McMahon responded to questions about recordings of scanner traffic with someone who may have been with the department sounding excited about the cabin being burnt down. He said they have no idea who made those comments, but that they are being looked into and will be dealt with properly.
"I don't believe that we made any mistakes, at this point," McMahon said.
McMahon added that they believe that it is someone who was away from the tactical team, and that, "Our deputy sheriffs and the other officers present are human beings. ... Sometimes, because we're humans, we say things that may or may not be appropriate."
"Numerous assault weapons were recovered, as well as numerous semiautomatic handguns," said Sergeant Trevis Newport, Homicide Detail. Those weapons included a sniper rifle, high-capacity rifle magazines, cans of tear gas and smoke, a weapons vest, a military-style kevlar helmet and 10 silencers. The gas canisters were found both on Dorner's body and at the locations Dorner occupied, Newport said.
McMahon responded to questions about the search that initially failed to find Dorner, saying that they had checked the cabin where Dorner eventually took hostages on Thursday evening. The door of the cabin was locked at that time.
However, the cabin's residents, the Reynoldses, had left the door unlocked so that a maintenance man could come in — for about three weeks, San Bernardino Sheriff's Department spokesperson Cindy Bachman told KPCC. They believe that Dorner entered the cabin either Thursday morning or afternoon, and evidence inside indicated that Dorner had been there for a while, Bachman said.
"In hindsight, it's probably a good thing that [Dorner] did not answer based on his actions both before and after that event," McMahon said, citing concerns over officer safety.
McMahon said that the deputy sheriffs did a great job, and that he wasn't going to have them kick open the doors to possibly hundreds of cabins when no one answered, saying that it wasn't their right to do so, "regardless of who we're looking for."
"The Reynolds family were heroes," McMahon said.

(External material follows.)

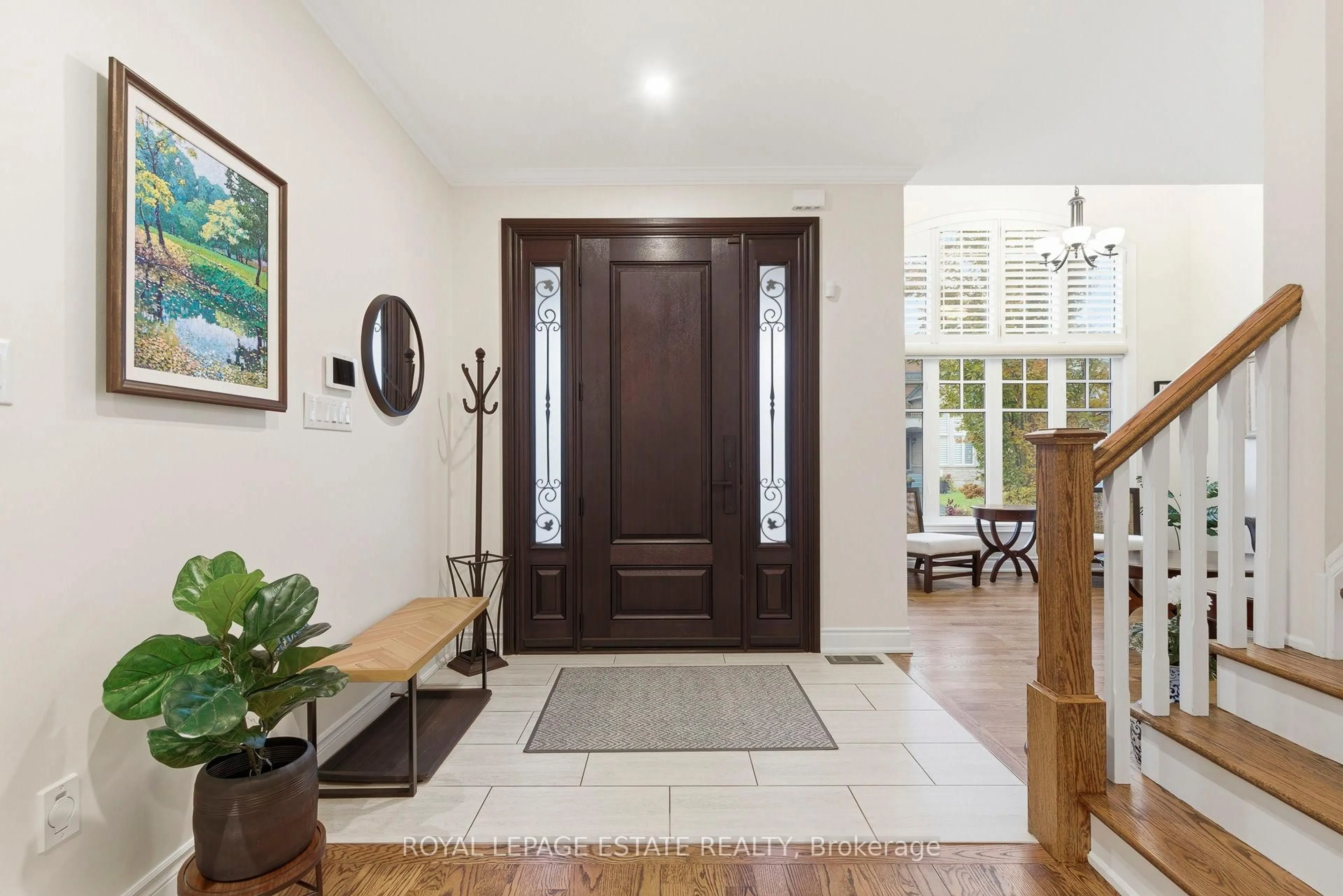 Indoor entryway for 2372 Awenda Dr, Oakville Ontario L6H 7P7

They reported that their vehicle had been stolen by Dorner, who proceeded to carjack another vehicle and later shot two sheriff's deputies, according to McMahon.
"Before our deputies could finalize a plan, they were ambushed by Christopher Dorner," McMahon said. "Both our officers went down."
Sheriffs managed to drag both the injured officers back to cover, according to Herbert.
"When we would move, he would shoot at us," Herbert said. They decided to deploy "cold gas," a particular kind of tear gas, into the cabin. Dorner also deployed his own gas toward officers, throwing four smoke bombs, according to Herbert.
When the cold gas didn't force Dorner out, they switched to pyrotechnic tear gas, also known as "burners."
Herbert said that they made numerous PA announcements trying to communicate with Dorner before using the pyrotechnic tear gas.
"An entry on the cabin was not an option, for the safety of our officers," Herbert said, as it would have forced a close gun battle. He also said that it was taken into account that fire can be a byproduct of using this kind of gas.
"This was our only option. The cold gas did not work," Herbert said.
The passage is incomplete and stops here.